Chegadas ao aeroporto, lá percorri os corredores desde a estação até ao terminal do check-in com a Queeny a rolar ao meu lado (não tivessem sido os pneus esvaziados e eu teria sido menina para tê-los percorrido montada na bicicleta, que aquela porcaria é longe que se farta). Devo dizer que a atenção de colocar rampas e elevadores em tudo o que é mudanças de piso, quer nas estações quer em todo o aeroporto, me facilitou enormemente a vida (imagino então o alívio que não é a pessoas com mobilidade reduzida). Seria de esperar que colocar rampas e elevadores, ou pelo menos escadas rolantes, em sítios onde o pessoal normalmente anda carregado fosse óbvio mas Bruxelas ensinou-me que não é. Muita bagagem com metade do meu peso alombei eu pelas escadas das estações do metro bruxelense.
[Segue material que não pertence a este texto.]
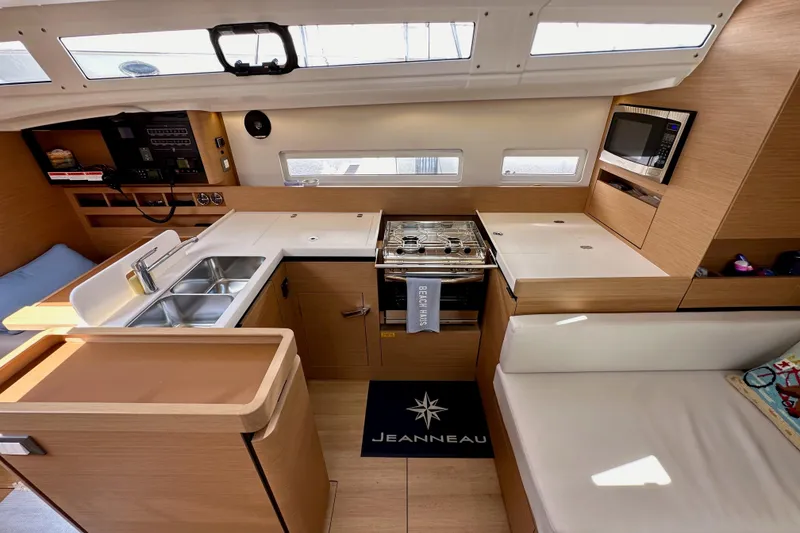 Slide: The Image of Interior of 2024 Jeanneau Sun Odyssey 410 yacht, featuring modern kitchen and seating area. - 74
Chegada à zona do check-in tratei de desenrolar o saco que trazia dentro dos alforges para embalar a bicicleta e despachá-la para o porão. 


Embalada e pronta a viajar 2000 km.



Estava com medo que surgissem problemas se fosse óbvio que o saco levava uma bicicleta e obrigarem-me a pagar a taxa de equipamento desportivo (que no aeroporto seriam £60) e a brincadeira acabar por me custar quase tanto como a bicicleta no final de contas. Mas não. Correu tudo bem, o senhor no check-in indicou-me só que levasse o saco ao balcão da bagagem fora de formato para que a mala fosse tratada com mais cuidado, já que era um saco mole.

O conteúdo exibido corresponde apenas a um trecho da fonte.